There was a time when our daughter was living only a block away from Wrigley Field, our younger son was bunking in the same exact frat room where I did as a senior at I.U. and our older son was rubbing it in about his warm temperatures in Houston during our cold winters.

I loved to imagine where they were during those Sunday catch-ups — Jen looking out from her second-floor porch and seeing the home of the Cubs, Tom studying hard in the same room where I strived for my Bs and Cs and Steve so far away from home but sounding like he was next door.

Cell phones have made this all easier. 

And those days of standing in line and waiting for your turn at the pay phone are long gone. Heck, you don’t even have to dial if you ask your smart phone to make the call.

I’m not a big fan on how much some people are on their cell phones but they are good for me on Sundays.

What hasn’t changed is my mom’s voice reminding me where I came from and who I really am. Our conversation sort of sets my compass for the upcoming week.

So like I have done thousands of time before, I called my mom this last Sunday.

I was thinking our conversation is one of the highlights of her week. I sometimes wonder if she sits with her phone by her side waiting for the call from her firstborn — her No. 1, me.

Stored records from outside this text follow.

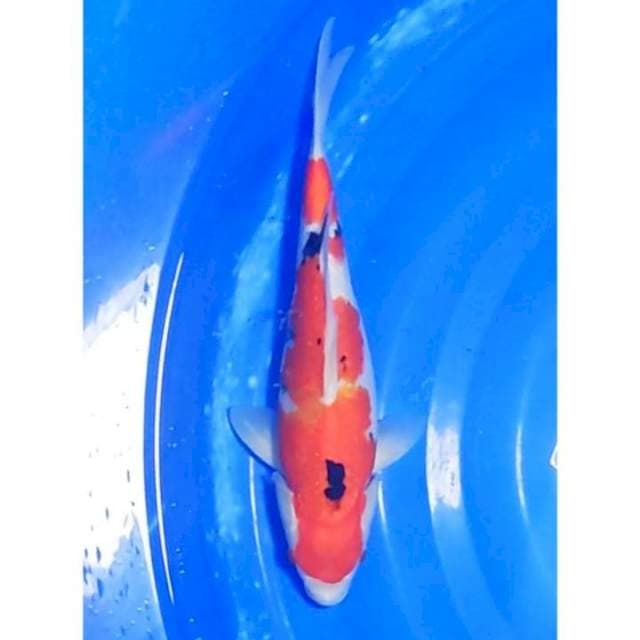 Bulky Sanke 33cm (F)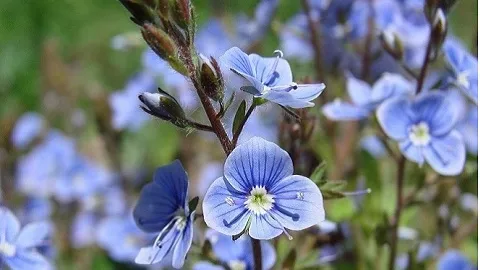 Атопічний дерматит як лікувати атопічний дерматит народними засобами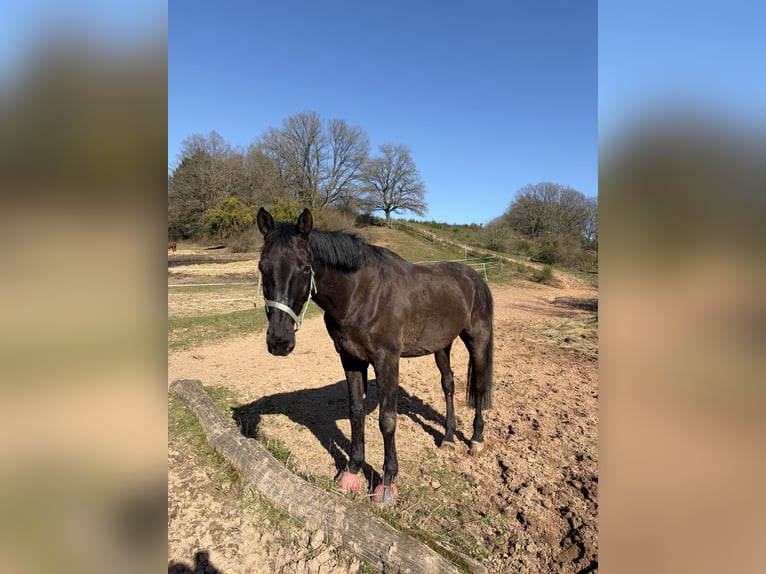 German Sport Horse Gelding 11 years 17 hh Black in Beckingen
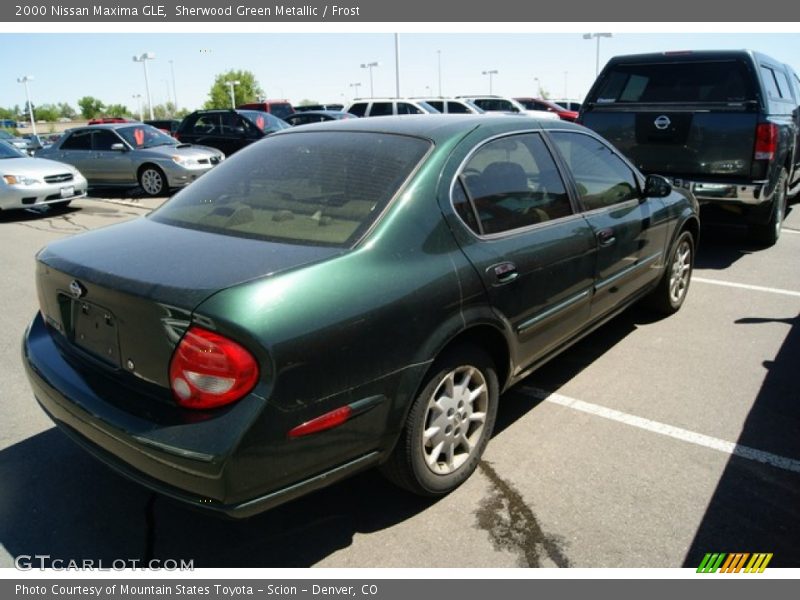 Sherwood Green Metallic / Frost 2000 Nissan Maxima GLE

She answered on the fifth ring this time. “Hey, honey, can you call back after the Purdue game is over?” she said.

“Oh, OK,” I said, before she clicked off. 

Damn Boilermakers (who did win the Big 10 with Mom watching). Well, at least I hadn’t been standing in line outside the barracks waiting for the pay phone to call her.

Love you, Mom. I assume I’m still No. 1. But then so is Purdue in the NCAA bracket.

I guess I better check when they are playing next Sunday before I call.